PROBLEM REQUIREMENTS> Quote, word for word, only the lines running from the line with "Erma's birth flower" through the end of the listing. Leave out the pictures.

RAW DATA>
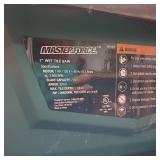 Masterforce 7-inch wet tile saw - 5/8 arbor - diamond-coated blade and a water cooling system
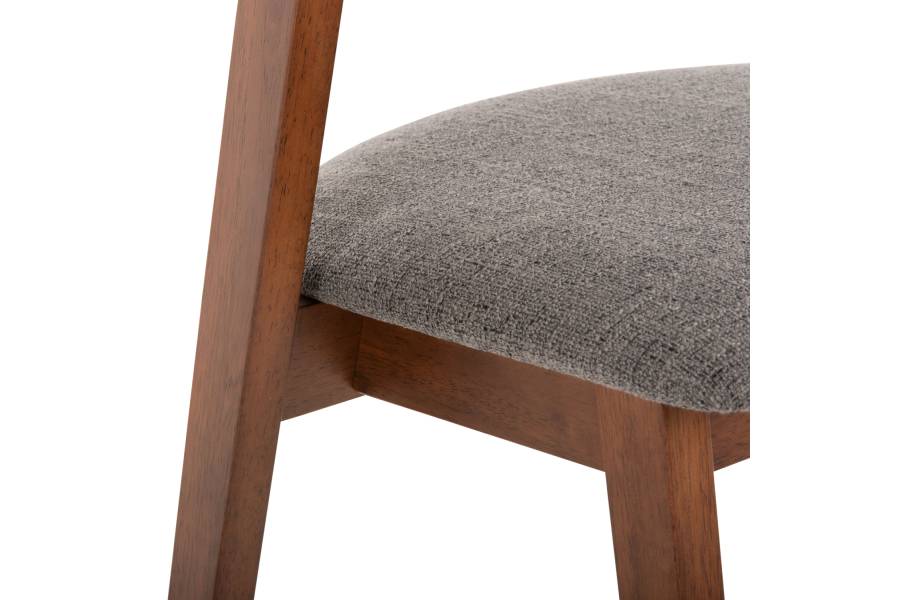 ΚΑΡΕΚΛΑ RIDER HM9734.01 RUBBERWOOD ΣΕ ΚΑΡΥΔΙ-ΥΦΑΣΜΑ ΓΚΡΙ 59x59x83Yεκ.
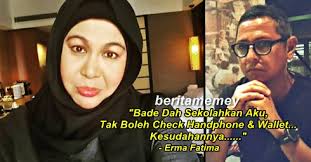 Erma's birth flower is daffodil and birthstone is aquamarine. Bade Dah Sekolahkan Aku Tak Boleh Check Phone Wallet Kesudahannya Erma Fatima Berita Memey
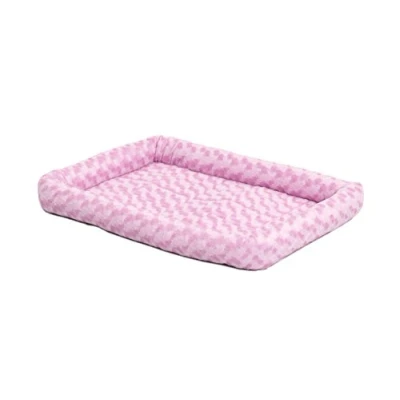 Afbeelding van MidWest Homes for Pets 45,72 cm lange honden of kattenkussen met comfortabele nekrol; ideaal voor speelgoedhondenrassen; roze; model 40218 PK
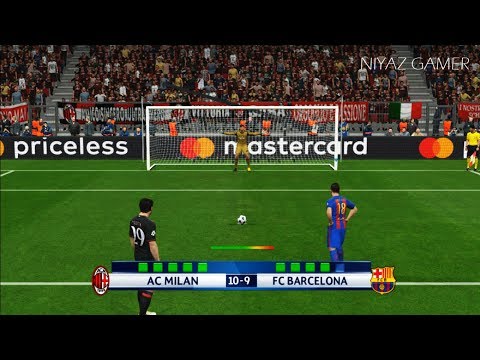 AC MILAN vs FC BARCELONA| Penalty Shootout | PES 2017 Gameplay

SOLUTION TO THIS PROBLEM>
 Erma's birth flower is daffodil and birthstone is aquamarine. Bade Dah Sekolahkan Aku Tak Boleh Check Phone Wallet Kesudahannya Erma Fatima Berita Memey
 Afbeelding van MidWest Homes for Pets 45,72 cm lange honden of kattenkussen met comfortabele nekrol; ideaal voor speelgoedhondenrassen; roze; model 40218 PK
 AC MILAN vs FC BARCELONA| Penalty Shootout | PES 2017 Gameplay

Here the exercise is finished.